A figura abaixo representa um experimento quântico simples, em que o cientista pode observar o átomo no detector A ou no B. Antes da detecção, não se pode dizer que o átomo esteja em uma posição definida (ver texto “O Problema da Medição” - clique aqui). Porém, ao ser detectado ele irá aparecer em um dos detectores de maneira bem definida: na figura ele aparece no detector A. Antes da detecção, a probabilidade de aparecer em A é ½ (ou seja, 50%), e de aparecer em B é também ½. A física quântica é a teoria que fornece as probabilidades para diferentes tipos de arranjos experimentais.



Segundo a teoria quântica, no experimento da figura, o observador não pode alterar as probabilidades de detecção simplesmente com sua vontade (a não ser que ele mexa no aparelho). No entanto, alguns autores afirmam que a vontade consciente do observador pode alterar os resultados de experimentos quânticos. De fato, dois engenheiros da prestigiosa Princeton University, Robert Jahn & Brenda Dunne, realizaram experimentos, relatados no livro Margins of Reality (Harcourt, Brace & Jovanovich, 1987), em que afirmam que um observador consciente pode alterar as probabilidades em diferentes *processos estocásticos (como o lançamento de uma moeda ou o experimento mencionado acima).

No entanto, os resultados de Jahn & Dunne não são levados a sério pelos cientistas “ortodoxos”. A razão principal é que tal efeito vai contra a visão “materialista” que permeia boa parte dos cientistas ortodoxos: segundo essa visão, a força de vontade da mente não pode afetar um objeto material externo ao corpo. Além disso, os resultados de Jahn & Dunne não foram reproduzidos por cientistas que trabalham em laboratórios respeitáveis.

Portanto, podemos concluir que Jahn & Dunne são místicos desafiadores da ciência (e não conciliadores com a ciência, no sentido exposto no primeiro parágrafo). Goswami também tem adotado uma postura desafiadora com relação à ciência. Em seu livro A Física da Alma (Aleph, 2005), e também no programa Roda Viva exibido na TV Cultura em 11/02/08, ele defende a veracidade do experimento realizado pelo mexicano Jacobo Grinberg-Zylberbaum e colaboradores, que envolve uma transmissão instantânea de pensamento à distância. Mesmo que alguns outros cientistas tenham obtido resultados semelhantes, como salienta Goswami, tal resultado é inaceitável para a ciência ortodoxa, pois uma transmissão instantânea de informação macroscópica violaria a teoria da relatividade restrita de Einstein.

Mais para frente discutiremos a instigante questão da não-localidade quântica, e veremos porque ela não pode ser usada para transmitir informação instantânea.

De qualquer forma, é importante ficar claro que o experimento de Grinberg-Zylberbaum contradiz a teoria quântica, pelo menos a teoria quântica aceita hoje, de forma que a defesa deste experimento equivale a uma postura desafiadora da ciência.

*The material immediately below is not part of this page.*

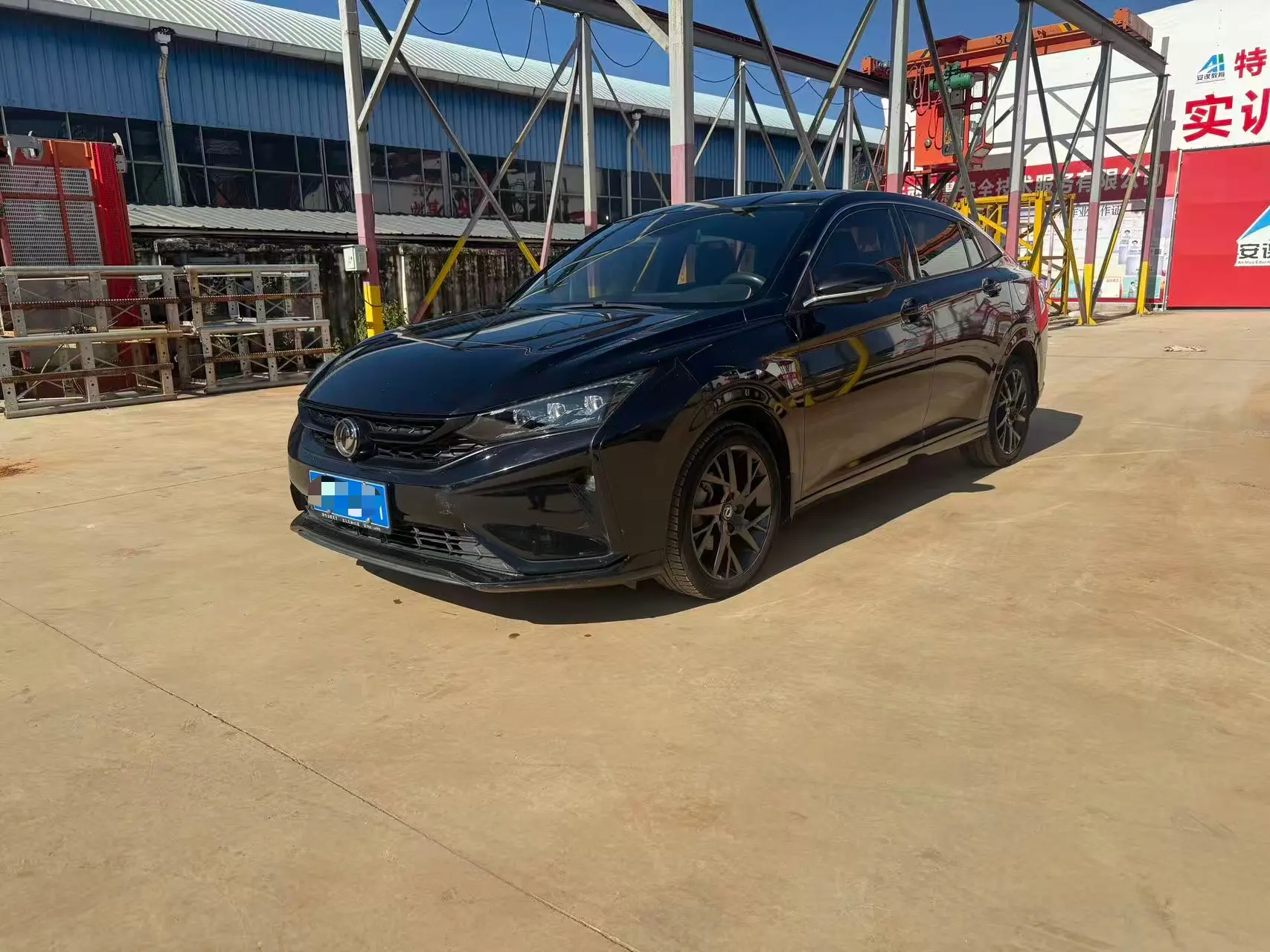 Dongfeng Yixuan  из Китая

Quem tem razão? Qual é a verdade? Cada um terá que adotar uma opinião por conta própria. A ciência ortodoxa é fruto de um método bastante rigoroso e frutífero, mas deve-se reconhecer que as teorias científicas mudam com o tempo, de forma que não há certeza que a posição materialista sobreviverá à próxima grande revolução nas neurociências. Por outro lado, o ser humano tem um imenso desejo de que a morte não seja simplesmente o fim do indivíduo, de forma que talvez o misticismo quântico seja apenas um produto desse desejo de vida eterna e comunhão universal.

Cada um terá que decidir por si mesmo. E nessa escolha, o místico e o religioso têm que levar em conta o dilema mencionado no presente texto: restringir-se a uma postura conciliadora com a ciência, em que o misticismo não entra em choque com a ciência ortodoxa, ou arriscar uma posição desafiadora da ciência, que poderia levar a uma grande revolução científica, mas que corre o risco de ser falseada quando o consenso a respeito dos resultados experimentais finalmente se formar.